Sending Binary Post Data on HTTPSocket

I’m trying to send a JPEG file to a device via a POST command. I’m supposed to send a binary post. I’ve tried using image/jpeg, application/octet-stream, multipart/url-encoded. None give me the result I am expecting. The device should give back an status of 202 if the file transfer is successful. Instead I’m just getting back 200.
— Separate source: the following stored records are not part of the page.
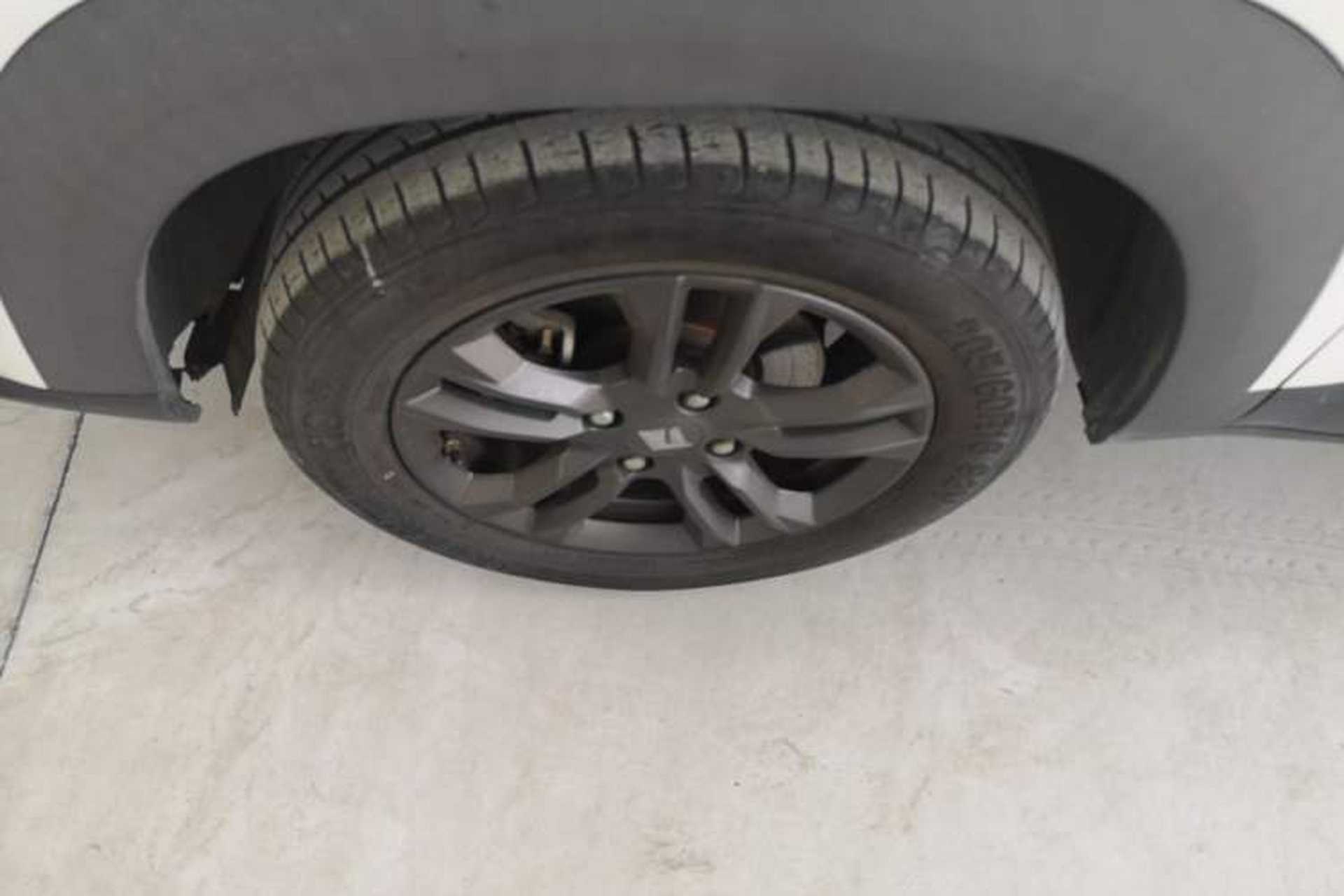 Used Baojun RS-3 2020 1.5L CVT 24-Hour Online Luxury Edition Left Front Wheel Hub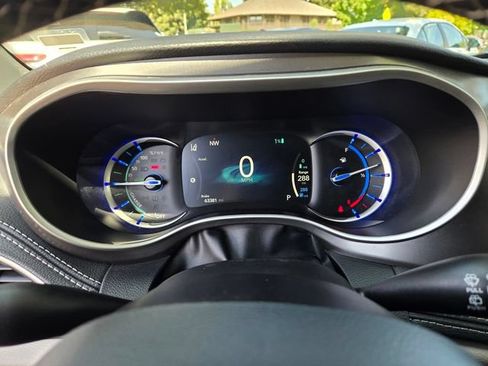 Used 2024 Chrysler Pacifica Limited FWD image 22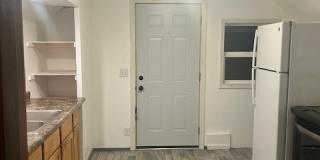 4923 Center St Gallery 1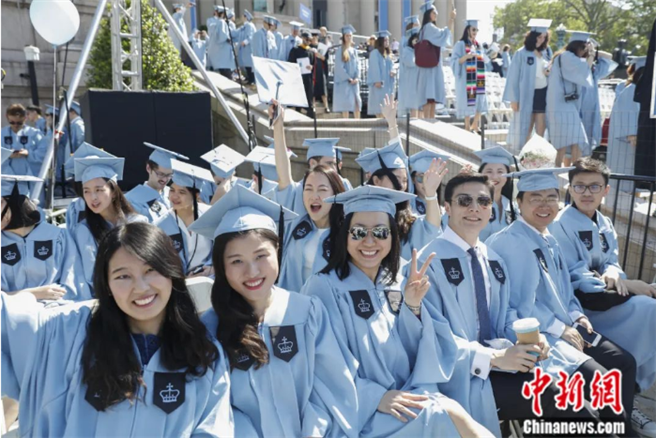 哥伦比亚大学毕业典礼上的中国留学生。（中新社）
The specific Xojo object I’m using is a Xojo.Net.HTTPSocket in an iOS app, but I posted in General as this could apply to a URLConnection as well.

What am I doing wrong?

Possibly nothing – all 2xx status values should be a variation on success. The definition of 202 is supposed to be:

6.3.3. 202 Accepted

The 202 (Accepted) status code indicates that the request has been accepted for processing, but the processing has not been completed. The request might or might not eventually be acted upon, as it might be disallowed when processing actually takes place. There is no facility in HTTP for re-sending a status code from an asynchronous operation. The 202 response is intentionally noncommittal. Its purpose is to allow a server to accept a request for some other process (perhaps a batch-oriented process that is only run once per day) without requiring that the user agent’s connection to the server persist until the process is completed. The representation sent with this response ought to describe the request’s current status and point to (or embed) a status monitor that can provide the user with an estimate of when the request will be fulfilled.

The above is from here, so are you sure the file is not really being accepted?

Yeah, I can’t find it where It is supposed to be on the device. That’s why I don’t think it is working.

On the POST do you get back any body content? Perhaps a JSON response with a success false flag and an error message?

Try sending the request via something like Postman or Paw or similar to remove Xojo from the equation and see if it acts the same or different on the device.

I get back nothing other than the 200 status code. I’ll try using one of the suggested services you mentioned.

A POST request containing a binary upload is likely going to be multipart/form-data. I wrote about doing this with HTTPSocket, but it needs to be updated for recent editions of Xojo.

So I tried setting my content type as multipart/form-data. Still didn’t work.

Do I then need to use your method to re-encode it? That’s going to take a bit of effort as I’m using Xojo.Net.HTTPSocket which is all done with MemoryBlocks. I’ll have to take a look at your class and see if I can translate…

I ended up using the HTTPServer demo app that Xojo provides to take a look at the headers being sent by the Xojo.Net.HTTPSocket. It says everything correct but it does not have the form boundary which looks to be a big part of your code. I can see why a server might not see an image embedded otherwise as the form boundary marks the beginning and end of the data.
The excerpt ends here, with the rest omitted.